It may be instructive to compare a recent publication, ``The Handbook of
Artificial Intelligence'', for which Feigenbaum was again one of the
authors, with this earlier book.  The difference in treatment, and the
difference in size, attest to the fact that AI is growing up.

The third and fourth events, not of earth shaking sig\-nif\-i\-cance, but
important to me as mnemonic aids, were the publication by me of two
papers, the first one contained my assessment of the state of AI in 1962,
and the second made predictions as to where computers would be in
1984.

The first paper was called ``Artificial Intelligence:  A Frontier of
Automation''.  I am tempted to quote from this paper at some length since
many things that I said then could equally well be said today, but I will
forbear.  The paper ends with a statement that ``We are still in the
game-playing stage, but, as we progress in our understanding, it seems
reasonable to assume that these newer techniques will be applied to real
life with increasing frequency and that the effort devoted to games and
other toy problems will decrease.''  I will have more to say about toy
problems later because I have come to attach greater significance to them
than I did in 1962.  

As a minor aside, I revealed my own personal bias between the two
approaches to AI problems by using the phrase ``Bird-Watching'' to head
the section describing the how-people-solve-the-problem approach and by
using the phrase ``Back to Aerodynamics'' to head the section describing
the second approach.  Here again, there has been a softening of my disdain
for inquires as to how people handle problems and in particular as to the
way in which they learn. But more on this later.

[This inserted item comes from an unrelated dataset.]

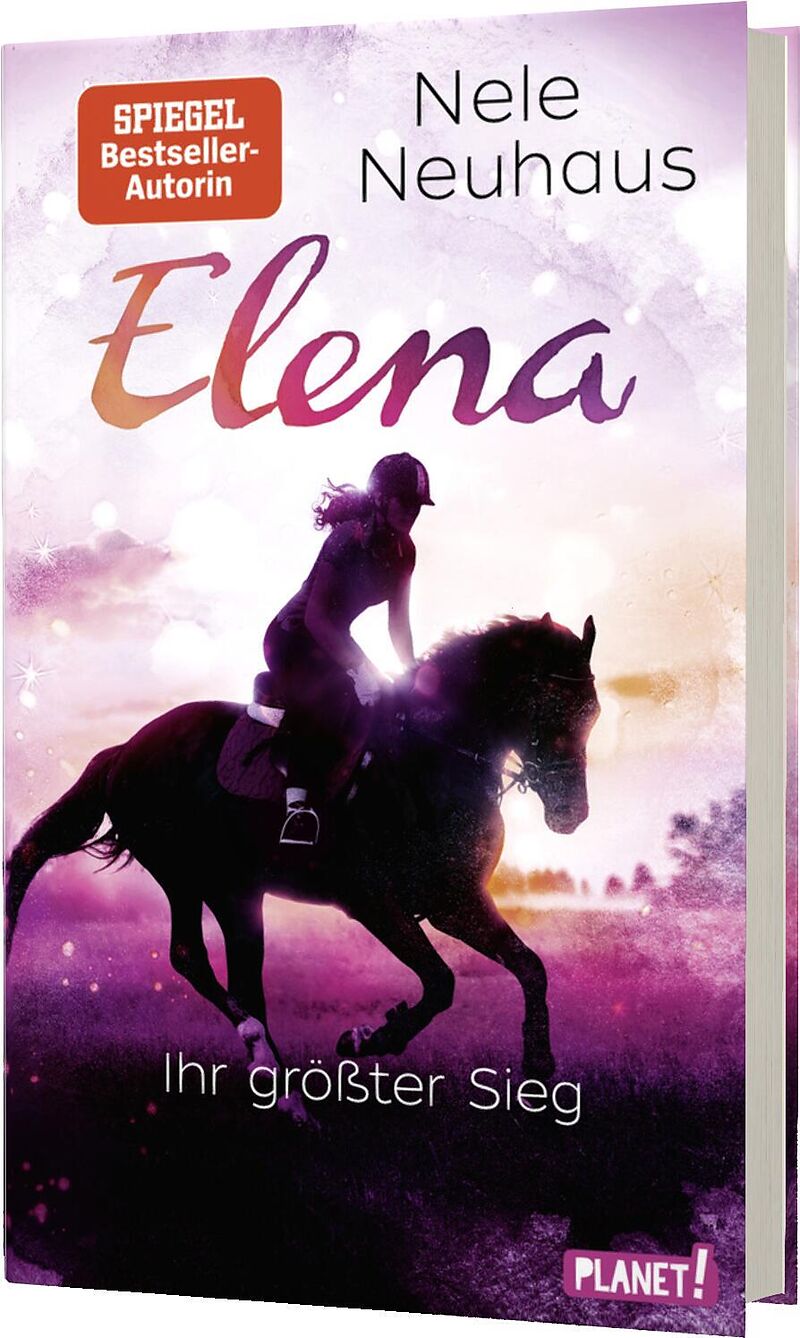Elena Ein Leben für Pferde 5: Elena Ihr größter Sieg ...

I cannot refrain from quoting another excerpt from this paper to wit:
``Progress is being made in machine learning and ...we will be able to
devise better machines or even to program existing ones so that they can
outperform man in most forms of mental activity. In fact, one suspects
that our present machines would be able to do this now were we but smart
enough to write the right kinds of programs.  The limitation is not in the
machine but in man.  Here then is a paradox. In order to make machines
which appear smarter than man, man himself must be smarter than the
machine''.  This, I think, is the proper answer to those people
who decry the way that computers are permeating our society and who
express the fear that the machine will eventually dominate man.

The second paper, published in 1964, and called ``The Banishment of Paper
Work'', was an attempt to predict the state of affairs in 1984.  I want to
review these predictions both to assess our progress and as a prelude to
making some new predictions for the year 2000.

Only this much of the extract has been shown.